Parents laud the organization for its approach and commitment.

Ronelle Gereir, of West Bloomfield, Mich., says that the Friendship Circle made her dreams finally come true. Her daughter Molly was eight-years-old in 1994 when the Shemtovs came to town. Molly, who has autism, was in public school like other children with special needs in the state. But after school, there was nowhere to go.

“They didn’t have a social outlet, they didn’t have friends,” says Gereir. “I felt like an outcast in the Jewish community.”

Soon, the newly-formed Friendship Circle started offering a Sunday program where parents dropped off their children for group activities with teenage volunteers.

“One of my dreams,” says the mother, “was a place where our kids would be welcomed and accepted.”

The program also afforded her some free time for herself.

“One of the great things about it is that it gives parents a break,” she says.

Around the same time that Gereir began dropping Molly off at the Friendship Circle, a young Julie Kaplan started coming to their home once a week.

“She was having her bat mitzvah when we met her, and now she’s in medical school,” reflects Gereir. “She still comes whenever she’s in town. They still have a bond.”

Participants of the flagship Friendship Circle in suburban Detroit enjoy an outing to a pet shop.
Participants of the flagship Friendship Circle in suburban Detroit enjoy an outing to a pet shop.

Now 22, Molly is still active in the Friendship Circle. She regularly visits its Ferber Kaufman LifeTown Center in West Bloomfield, a sprawling complex whose Weinberg Village offers a life-sized mockup of a typical town square where children with special needs can practice life skills in a stress-free environment.

Children and young adults like Molly, including entire special education classes from around Detroit, visit the center’s medical offices, bank, park, drugstore and other sites while learning about using crosswalks and obeying traffic lights. The concept has been borrowed by other Friendship Circle chapters in Ohio and Canada, and the Shemtovs plan on expanding their LifeTown with the Chase grant.
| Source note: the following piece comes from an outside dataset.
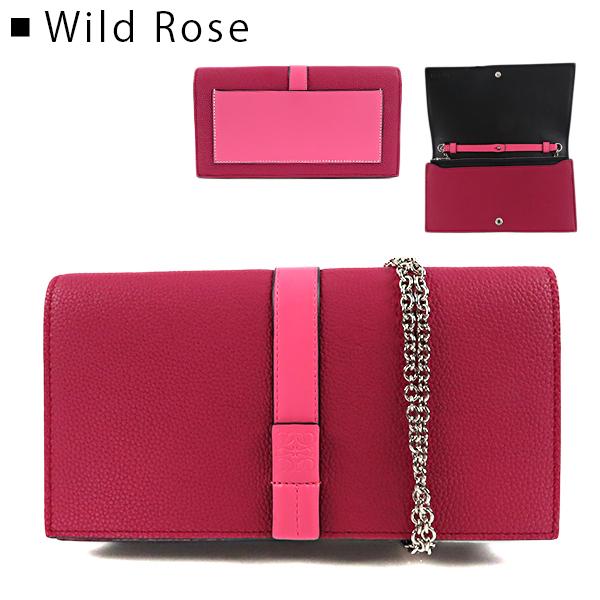 LOEWE ロエベ CHAIN WALLET 12412U51 3011 6963 7585 チェーン LOEWE ロエベ CHAIN WALLET 12412U51 3011 6963 7585 チェーン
Shlomo Sawilowsky, assistant dean of education at Wayne State University, says that a study he conducted on LifeTown demonstrated the program’s success at helping children with special needs integrate into society.
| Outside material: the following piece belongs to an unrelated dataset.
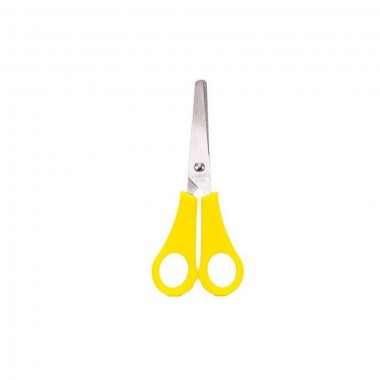 Дитячі ножиці кольорові "C" COLOR-IT 508, 13 см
“Results of the experiment demonstrated students’ perceptions were favorable toward learning in the simulated environment,” he explains. “In fact, they were more favorable to it than the school classroom or at home.”

The study also showed that repeated visits significantly increased crucial observed behaviors.

“The simulated environment provided a safe place for students to develop at their pace,” says Sawilowsky. “LifeTown as a life skills-intervention works, and it works very well.”

Molly, whose younger brother and sister both volunteer at the Friendship Circle, had the chance to put some of those skills to work at a recent outing to a local mall, where she used some of her Chanukah money to buy a favorite DVD.

“One of the beautiful things about the Friendship Circle is that they are so flexible,” says Molly’s mother. “At Friendship Circle, you are like family. You don’t get rid of family because they have a birthday, you continue to find spaces.”

“We have a deeply connected community of people who are not only empowering their children with special needs, but allowing these children to shine,” says Shemtov. “And in these children’s light, we continually find ourselves transformed.”